横断者のぶろぐ

ただの横断者。横断歩道を渡る際、片手を挙げるぼく。横断を試みては、へまばかり。ンで、最近はおウチで大人しい。

芥川のゲーム理論▽横断論⑫の2

2007-11-02 10:31:45 | Weblog
『タバコと悪魔』に隠されたギャンブル用語■以上が作品の「読み直し」に関係したものだが、今度は「ヒトモク」の用語規定に迫る。
 「ヒトモク」という賭博用語は、作品『タバコと悪魔』にこそ由来すると思われるので、まずは抜粋である。

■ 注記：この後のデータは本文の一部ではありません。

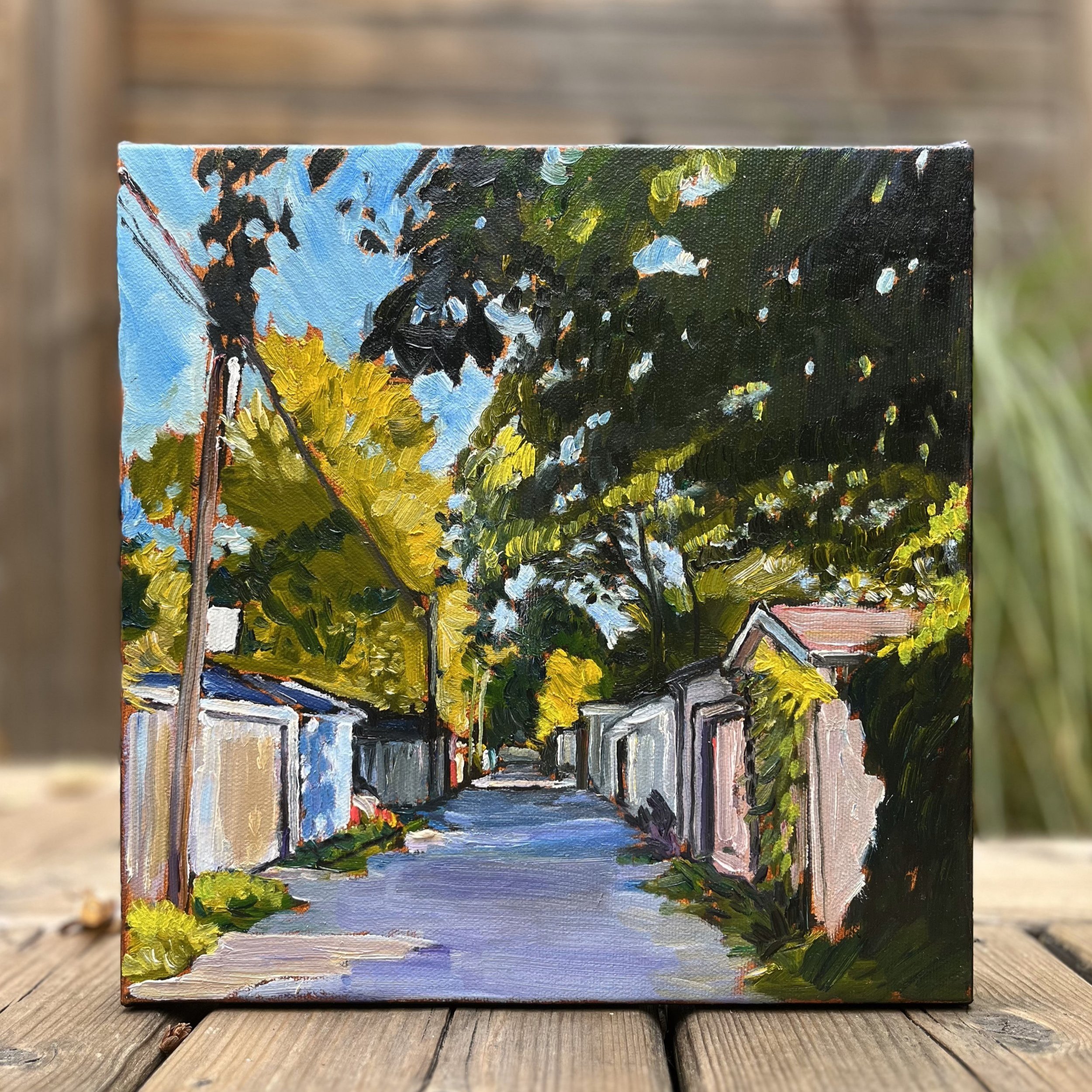 "Hidden City" Front View - The full face of this 10"x10" oil on canvas reveals a detailed scene of Toronto's hidden laneways, capturing a quiet beauty often overlooked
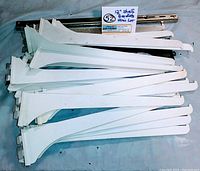 Stack of white single track 12-inch metal shelf brackets along with some silver pieces in the back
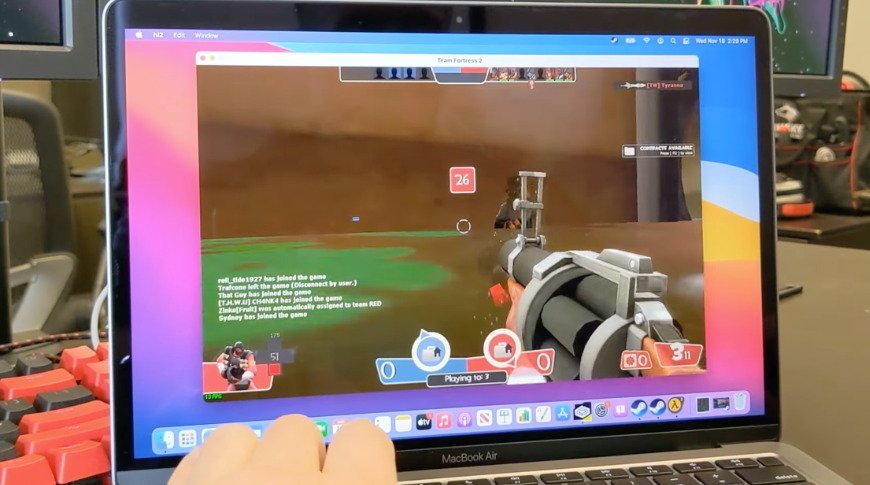 A person playing a first-person shooter game on a MacBook Air, with the in-game chat visible on the screen.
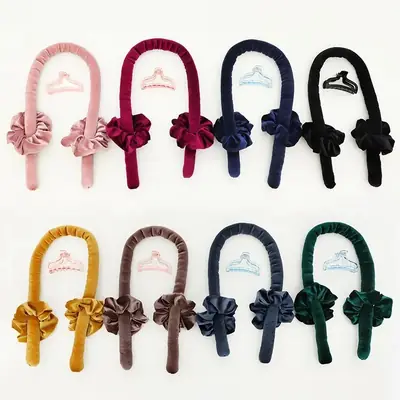 Black satin heatless curler set with claw clip and scrunchies on a white background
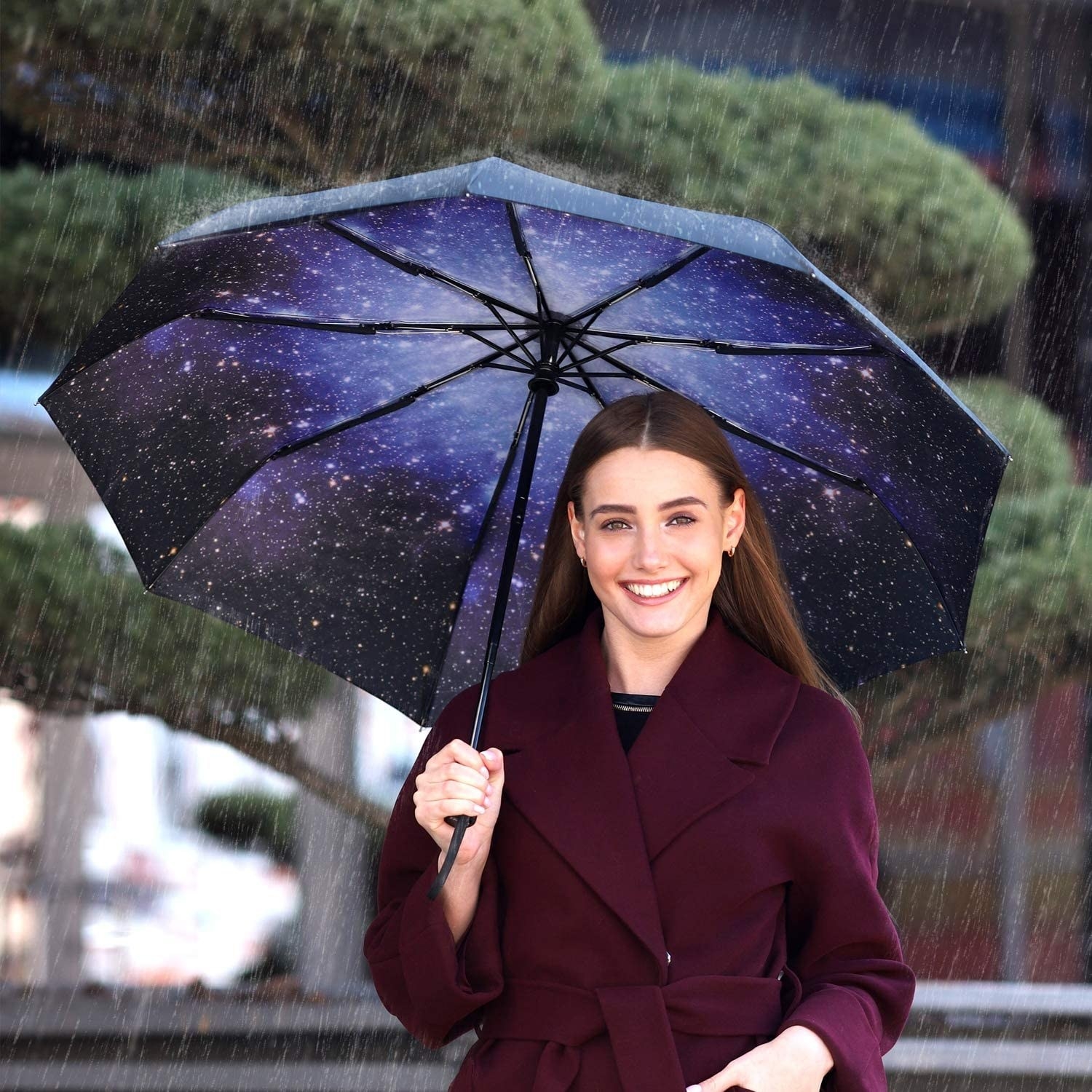 A smiling person holding an umbrella in the rain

《ー-その代わり、私が勝ったら、その花の咲く花をいただきますよ。
ーーよろしい。よろしい。では、確かに、約束しましたね。
 ーー確かに、御約定いたしました。御主エス・クリストの御名にお誓い申しまして。
 伊留満は、これを聞くと、小さな目を輝かせて、二、三度、満足そうに鼻を鳴らした。それから、左手を腰にあてて、少しそり身になりながらも、右手で紫の花にさわってみて、
 ーーではあたらなかったらーーあなたの体と魂とを、もらいますよ。

 紅毛の人に化けている悪魔「伊留満」は煙草畑の前を通りかかった牛商人に、煙草をメモクにして賭けることをすすめている。草の名前を言い当てたときは、それを全部やるという。反対に、言い当てることができなかったときは、体と魂をもらうというのは、ヒトかモクかのことであり、ここから「ヒトモク」という言葉の誕生が考えられたとしても何の不思議もない。
 ここにおける煙草と牛商人と悪魔の三者関係が、ほぼ『羅生門』での倒錯的ともいえる三者関係と対応する。メモクとは「美しい娘」の換喩であろう。とすると、「美」は即自的な存在として、彼とともにある。この上なき幸福の状態にあるのだが、その幸せに目覚めることがあるとすれば、そのときの彼ははじめて対自的な存在者、即ち、ヒトモクに生まれ変わり、同時に、脱自、つまり、「良心」の支配下におかれることになる。言い換えると、美と良心の間にあって翻弄される人間の換喩が「牛商人=ヒトモク」なのだ。
 ところで、これまで取り上げた芥川の作品には一度として「美しい娘」というヒロインが登場しておらず。誰でも気になる点であろう。
 そう思って作品を読み返すと、それらしき人物が『羅生門』にいることに気づかされる。例の「蛇を切り売りする髪の長い女」である。死体なのだが、生前の彼女は「それはそれは美しい娘であった」とすれば、髪を盗みたがる老婆の気持ちは少しは理解できるのではないか。   
 では、老婆がパラノイアともいうべき、倒錯的な美の崇拝者とするならば、「追剥ぎ」をする下人とは、悪魔の化身なのか?
 この問いに対して明らかに言えることは、作家自身はそのようには下人を人物設定してはいないことだ。かといって、「老婆」に喩えられるようなエゴイズムの塊でもない。彼こそは善良な心を持った人間なのだ。それも脱自的存在、つまり、作家の「良心」を代表させているのだ。
 とすると、下人と老婆は近代人の持つウェヌスのごとき相反する二つの顔を代表させたことになろうか。
 そんな善良な心を持つ下人があの鬼気迫る問答を了えた途端、「リンチ」ともいうべき制裁をどうして老婆に加えることができたのか。
 このときの下人こそ悪魔の心を持ち、無実の老婆こそ濡れ衣を着せられたばかりに赤裸々な人間の心をさらけ出しているのではないか。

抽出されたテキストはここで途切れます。